Bebek kırklanırken annesine gösterilmez. Eğer görürse anneyi korku
basar ve hastalanır. Bebek kırklanırken suyun içine güzel olması için
altın atılır, güzel kokması için de gülün yaprakları atılır. Kırk
uçurmaya yakınlarına gidildiğinde bebek hediyesi yumurta verilir.
Çocuğun çabuk yürümesi için bir Cuma günü iki ayağı ip ile bağlanır ve
camiye götürülür. Camiden ilk çıkan erkeğe bu ip kestirilir. Buna
“köstek kesme” denilir. Kız ve erkek çocuğun kundak giysileri doğumdan
önce hazırlandığı için farklılık gözetilmez. Ancak kız çocukları için
pembe, erkek çocukları için mavi renkli giysiler tercih edilmektedir.
Doğum yapan anneye bebek görmeye gidilmektedir. Akrabalar, komşular
bebek görmeye hediyeleri ile birlikte giderler, yakınları altın
takarlar ve orada misafirlere loğusa şerbeti ikram edilir. Loğusa
şerbeti “Nöbet Şekeri” adı verilen kırmızı renkli şekerin suda
eritilmesi ile yapılmaktadır. Halk arasında “Kırk Basması, Al Basması”
denilen inanış gereği loğusa kırk gün odasında yalnız bırakılmaz.

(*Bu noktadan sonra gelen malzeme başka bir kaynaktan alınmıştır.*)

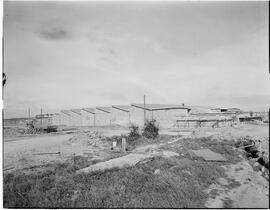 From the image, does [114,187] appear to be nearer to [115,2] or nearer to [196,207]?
[196,207]

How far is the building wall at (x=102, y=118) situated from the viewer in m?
21.6

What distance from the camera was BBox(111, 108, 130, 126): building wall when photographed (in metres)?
19.6

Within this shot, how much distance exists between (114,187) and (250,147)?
11.9 feet

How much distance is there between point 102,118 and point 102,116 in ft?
0.66

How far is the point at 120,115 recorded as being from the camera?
66.7 feet

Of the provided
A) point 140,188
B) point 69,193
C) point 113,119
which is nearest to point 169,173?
point 140,188

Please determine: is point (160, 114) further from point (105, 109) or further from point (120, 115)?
point (105, 109)

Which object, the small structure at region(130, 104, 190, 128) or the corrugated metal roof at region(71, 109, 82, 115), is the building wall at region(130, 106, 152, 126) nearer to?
the small structure at region(130, 104, 190, 128)

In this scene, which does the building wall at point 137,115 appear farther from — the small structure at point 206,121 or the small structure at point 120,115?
the small structure at point 206,121

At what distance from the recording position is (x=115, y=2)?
3945 millimetres

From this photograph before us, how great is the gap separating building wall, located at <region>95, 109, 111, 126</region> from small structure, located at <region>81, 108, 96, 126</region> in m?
0.47

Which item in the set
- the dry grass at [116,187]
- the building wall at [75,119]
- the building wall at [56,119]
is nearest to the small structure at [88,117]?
the building wall at [75,119]

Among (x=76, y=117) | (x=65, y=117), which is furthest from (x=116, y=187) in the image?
(x=65, y=117)

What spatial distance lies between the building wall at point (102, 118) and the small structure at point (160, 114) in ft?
11.4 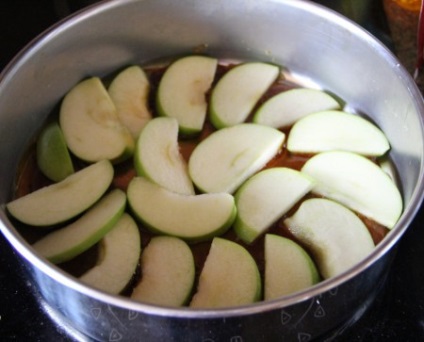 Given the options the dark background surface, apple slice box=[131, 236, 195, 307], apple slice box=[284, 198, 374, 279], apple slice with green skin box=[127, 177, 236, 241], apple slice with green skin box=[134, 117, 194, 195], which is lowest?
the dark background surface

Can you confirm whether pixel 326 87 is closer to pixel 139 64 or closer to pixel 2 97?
pixel 139 64

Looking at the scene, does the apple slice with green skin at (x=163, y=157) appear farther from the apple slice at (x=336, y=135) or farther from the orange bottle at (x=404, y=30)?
the orange bottle at (x=404, y=30)

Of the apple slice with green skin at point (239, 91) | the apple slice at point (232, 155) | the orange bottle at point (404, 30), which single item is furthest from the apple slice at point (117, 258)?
the orange bottle at point (404, 30)

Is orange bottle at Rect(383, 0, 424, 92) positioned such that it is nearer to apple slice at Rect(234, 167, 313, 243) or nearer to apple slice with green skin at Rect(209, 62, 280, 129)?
apple slice with green skin at Rect(209, 62, 280, 129)

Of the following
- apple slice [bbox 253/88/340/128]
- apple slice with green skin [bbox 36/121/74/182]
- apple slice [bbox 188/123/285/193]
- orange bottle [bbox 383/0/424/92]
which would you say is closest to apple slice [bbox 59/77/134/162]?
apple slice with green skin [bbox 36/121/74/182]

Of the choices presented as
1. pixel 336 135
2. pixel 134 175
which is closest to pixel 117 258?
pixel 134 175

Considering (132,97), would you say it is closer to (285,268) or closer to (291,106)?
(291,106) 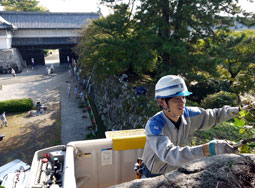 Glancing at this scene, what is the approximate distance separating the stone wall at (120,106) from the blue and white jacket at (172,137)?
18.5 feet

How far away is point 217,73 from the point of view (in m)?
8.85

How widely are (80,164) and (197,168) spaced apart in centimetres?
222

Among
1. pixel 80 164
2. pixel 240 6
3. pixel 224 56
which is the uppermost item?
pixel 240 6

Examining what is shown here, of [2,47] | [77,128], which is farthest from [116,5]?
[2,47]

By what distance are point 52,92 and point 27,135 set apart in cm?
851

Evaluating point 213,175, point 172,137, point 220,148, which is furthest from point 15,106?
point 213,175

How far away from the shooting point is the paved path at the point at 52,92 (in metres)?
12.9

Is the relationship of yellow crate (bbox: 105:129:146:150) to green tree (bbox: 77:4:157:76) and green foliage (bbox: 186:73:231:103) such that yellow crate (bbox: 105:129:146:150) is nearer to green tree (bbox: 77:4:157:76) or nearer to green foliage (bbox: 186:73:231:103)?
green tree (bbox: 77:4:157:76)

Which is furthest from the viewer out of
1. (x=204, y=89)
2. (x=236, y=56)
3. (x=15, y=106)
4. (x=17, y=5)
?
(x=17, y=5)

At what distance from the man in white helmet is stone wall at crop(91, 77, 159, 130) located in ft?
18.6

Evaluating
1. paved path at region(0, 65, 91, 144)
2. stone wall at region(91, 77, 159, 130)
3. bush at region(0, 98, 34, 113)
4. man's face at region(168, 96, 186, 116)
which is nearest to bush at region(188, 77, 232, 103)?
stone wall at region(91, 77, 159, 130)

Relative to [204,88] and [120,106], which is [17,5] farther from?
[204,88]

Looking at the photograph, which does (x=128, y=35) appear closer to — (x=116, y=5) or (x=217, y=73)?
(x=116, y=5)

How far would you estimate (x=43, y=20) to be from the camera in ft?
100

Çocuğun ilk çıkan dişini gören hediye alır. Nazara karşı bebek görmeye
gidenin giysisinden bir parça iplik koparılır kundağa koyulur.
b) Sünnet Gelenekleri
Sünnet
gelenekleri dinsel törenlerle yerine getirilmektedir. Mevlit okutulur
gül suyu, lokum ikram edilir. Gelen misafirler altın veya başka bir
hediye getirir. Sünnet sahibi gelenlere yemek ikram eder. Ayrıca mesire
yerine geziye gidilmektedir. Ekonomik durumu iyi olanlar davul zurna
ve köçek eşliğinde eğlence düzenler.
c) Askerlik Uygulamaları
Askere
gidecek genç akraba ve tanıdıklarını ziyaret ederek vedalaşır.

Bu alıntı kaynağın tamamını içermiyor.